__WHAT THE TASK REQUIRES__: Set down the lines below, exactly, starting at the one that contains "123, CHERRY TREE" and stopping at the last line, inclusive. Omit pictures.

__DATASET EXCERPTS__:

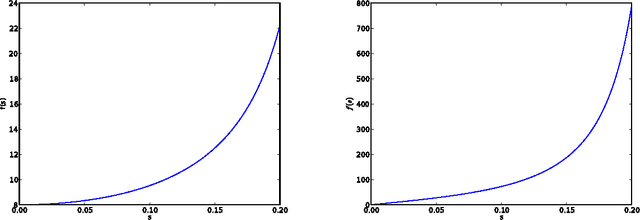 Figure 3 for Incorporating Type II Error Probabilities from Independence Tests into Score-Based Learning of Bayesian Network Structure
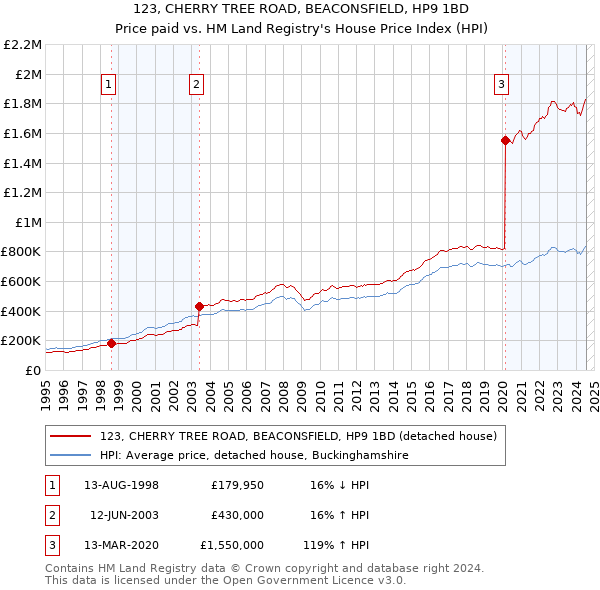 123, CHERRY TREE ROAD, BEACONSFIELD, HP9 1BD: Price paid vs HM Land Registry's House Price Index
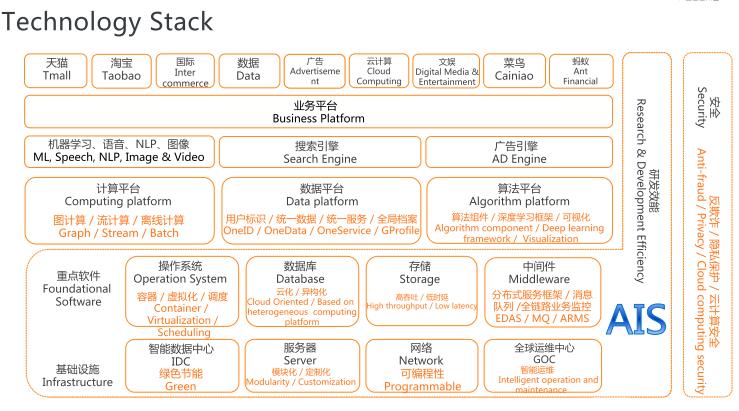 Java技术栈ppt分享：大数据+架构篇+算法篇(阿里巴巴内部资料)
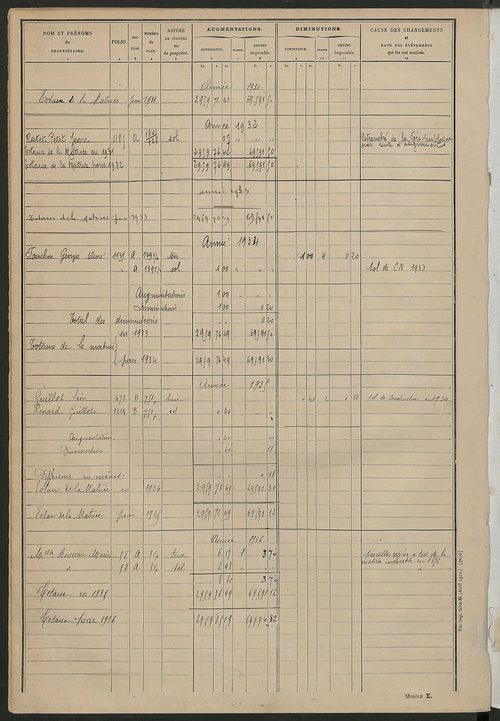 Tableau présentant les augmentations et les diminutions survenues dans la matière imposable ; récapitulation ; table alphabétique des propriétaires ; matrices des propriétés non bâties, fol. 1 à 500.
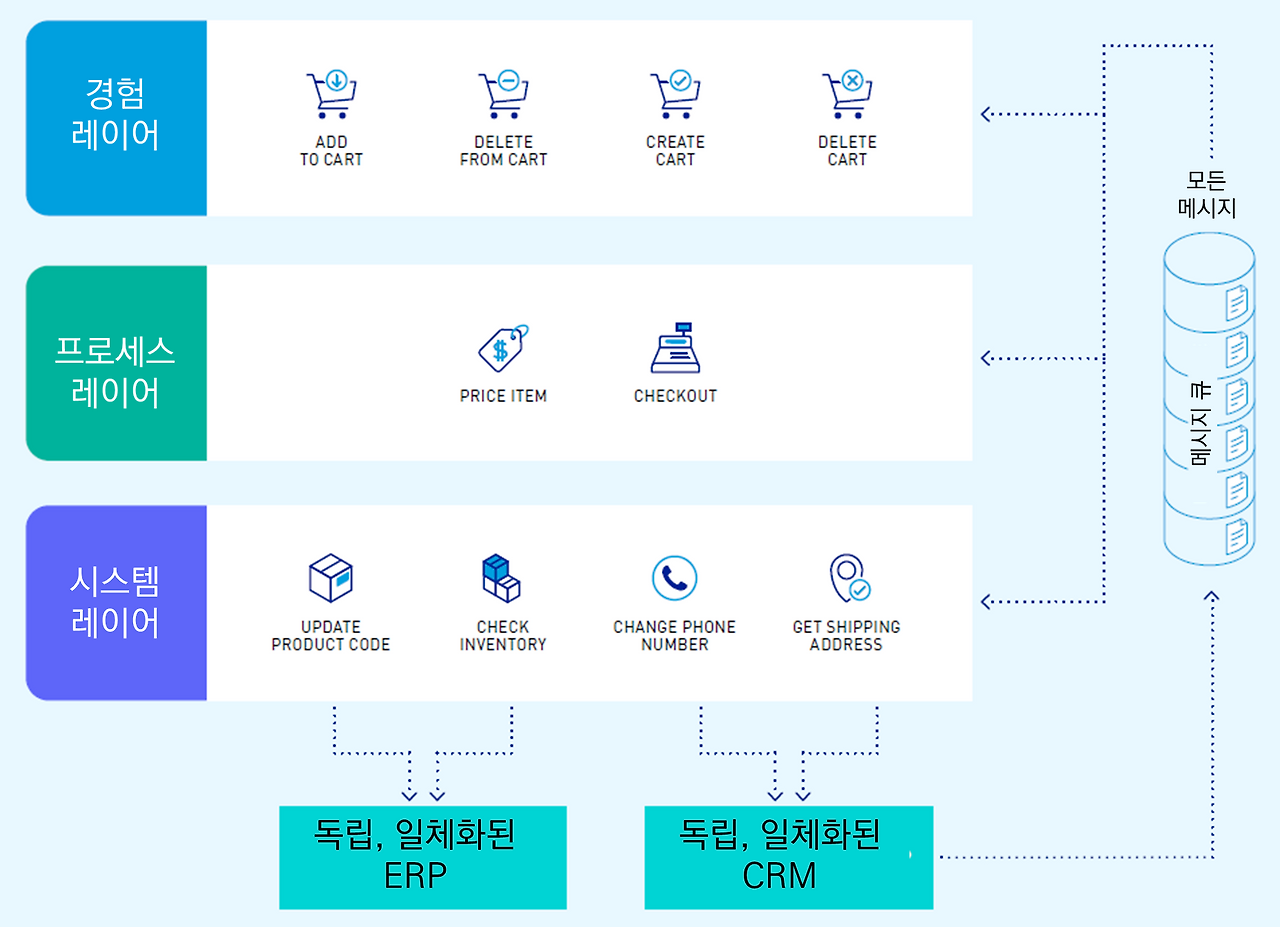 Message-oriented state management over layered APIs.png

__RESPONSE TO THIS TASK__:
 123, CHERRY TREE ROAD, BEACONSFIELD, HP9 1BD: Price paid vs HM Land Registry's House Price Index
 Java技术栈ppt分享：大数据+架构篇+算法篇(阿里巴巴内部资料)
 Tableau présentant les augmentations et les diminutions survenues dans la matière imposable ; récapitulation ; table alphabétique des propriétaires ; matrices des propriétés non bâties, fol. 1 à 500.
 Message-oriented state management over layered APIs.png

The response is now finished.